Phylogenetic community assembly with the Fish Tree of Life
Jonathan Chang
Source:vignettes/community-analysis.Rmd
community-analysis.Rmd
Here’s a quick example to show how we could use the
fishtree
package to conduct some phylogenetic community
analyses. First, we load fishtree
and ensure that the other
packages that we need are installed.
library(ape)
library(fishtree)
loadNamespace("rfishbase")
#> Error in get(paste0(generic, ".", class), envir = get_method_env()) :
#> object 'type_sum.accel' not found
#> <environment: namespace:rfishbase>
loadNamespace("picante")
#> <environment: namespace:picante>
loadNamespace("geiger")
#> <environment: namespace:geiger>
Next we’ll start downloading some data from rfishbase
.
We’ll be seeing if reef-associated ray-finned fish species are clustered
or overdispersed in the Atlantic, Pacific, and Indian Oceans.

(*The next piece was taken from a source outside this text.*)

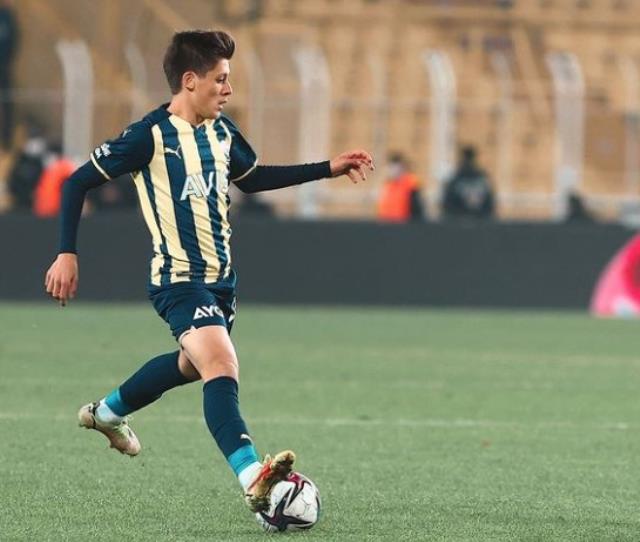 Arda Güler kimdir? Arda Güler kaç yaşında, hangi takımda oynuyor, nereli? Arda Güler biyografisi!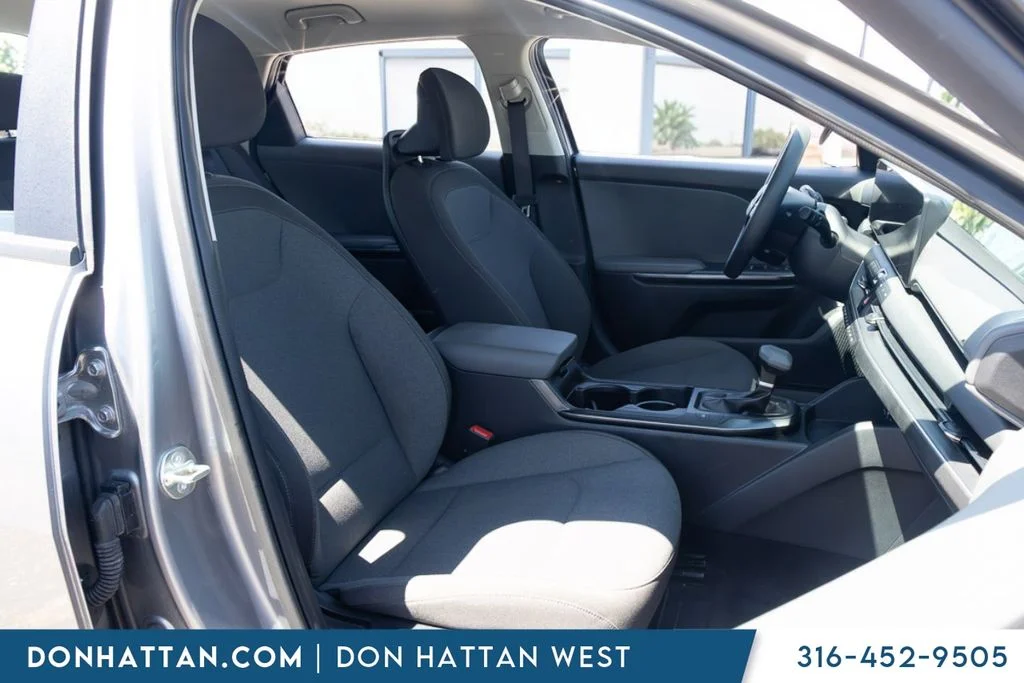 Used 2025 Gray Kia LXS image 17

# Get reef-associated species from the `species` table
species <- rfishbase::fb_tbl("species")
species <- species[species$DemersPelag == "reef-associated", ]
reef_species <- paste(species$Genus, species$Species)
# Get native and endemic species from the Atlantic, Pacific, and Indian Oceans
eco <- rfishbase::ecosystem(species_list = reef_species)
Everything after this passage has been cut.